On paper, submit your answers to the following.
- Think back to the plain old simple binary search trees (BSTs) as
you saw then in your Data Structures course: these were just binary
search trees where each node contained a key value, and two
pointers. Answer each of the following questions with a sentence or
two of explanation.
- Are BSTs an ordered index (as your DB textbook defines an
ordered index)?
- Are BSTs, as you saw them, sparse or
dense?
- In a DB context, one also makes the
distinction between primary and secondary indices. Explain why
this distinction doesn't fit well into BSTs as they are
typically presented in a Data Structures class.
- Index-sequential files, also known as ISAM, are
wonderful for doing lookups on large databases that don't change
much. Suppose that we build an ISAM on a sorted file where each page
in the index has room for 20 search keys and pointers. Suppose that
the sorted file itself is sequential on disk, that every page in
that file is completely filled, and that records within this file
have a fixed width.
- If the sorted file itself has 30,000 pages in
it, how many levels will the ISAM have (not including the sorted
file itself)? Give me a number, but also give me the short
mathematical formula that enables you to determine that
answer.
- Based on your answer above, how many disk
accesses are needed (i.e., how many pages must one retrieve) to
obtain a record with a specific search key? (Note, to follow an
FAQ I'm getting: technically, one doesn't know for sure how many
disk access are necessary, because a page that you're looking for
may coincidentally be in the buffer pool.
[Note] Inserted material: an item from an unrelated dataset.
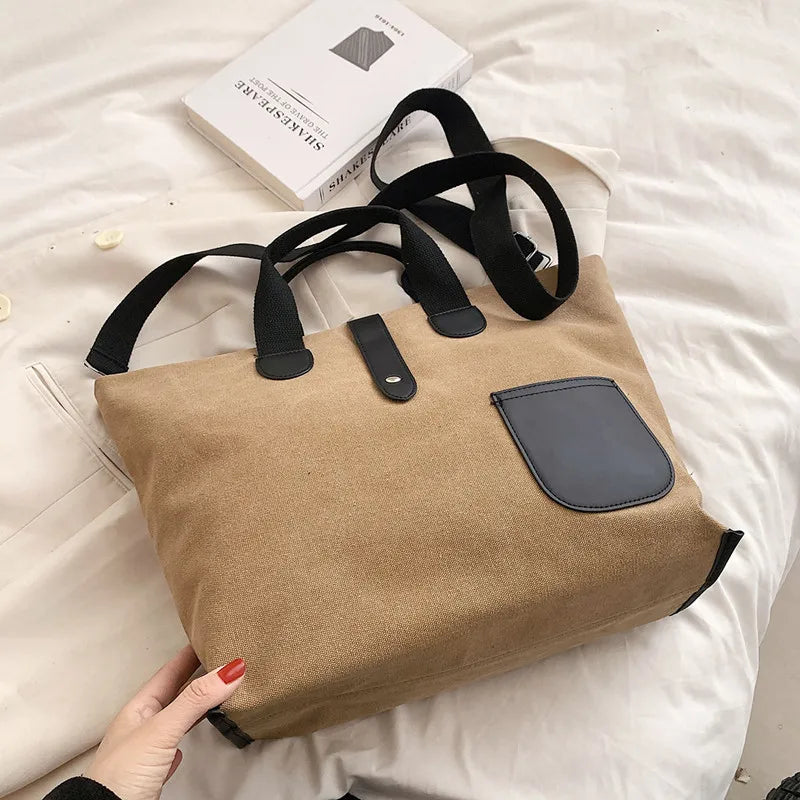 Lkblock Casual Canvas Totes Handbags Top Quality Shoulder Crossbody Bags Japan Korean style Big Bag Messenger Bags For Women Female Bag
This whole issue can be
simplified by focusing instead on the question "How many pages
must be retrieved?" For purposes of this task, simply answer that
question instead, or alternatively assume that any pages you try
to access are not already in the buffer pool. (Both of these
interpretations amount to the same thing.)
- As a continuation of the previous question,
suppose that I proposed ISAM as a new topic to be discussed in a
Data Structures course. In Data Structures, it is always assumed
that all data fits in memory. So instead of a sorted file of
records, let's instead assume that I have a sorted array of
records. I then create an ISAM on that arary where each node in
the ISAM has 20 search keys and pointers.
- Since everything is now in memory, there's no
need to discuss pages or blocks. (I carefully chose the word
"node" above instead of "page.") Suppose that the lowest level of
my in-memory ISAM contains 30,000 nodes, to be consistent with the
previous example. How many nodes in the ISAM must be accessed in
order to reach an actual record in the array? Give me a number,
but also give me the short mathematical formula that enables you
to determine that answer.
- In general, if I have an in-memory ISAM with n
nodes at the bottom level and k records per page, what would be my
big-O estimate of the amount of work to find a particular record
in the array based on its search key?
- The previous question hopefully pointed out a
gaping hole in the ISAM approach we've discussed: it never came up
at all what algorithm we use to find a particular search
key within an ISAM node. Why? The technique you choose to
use is critical to your answer to the previous question.
- Here's a related followup question: in this
course, we seem to be emphasizing trees with wide fan-out (many
children). In Data Structures, one typically emphasizes trees with
only 2 children (though there is a balanced tree algorithm with 3
children.) Why the dramatic distinction? If so many children work
well in databases, why not do it for in-memory algorithms
also?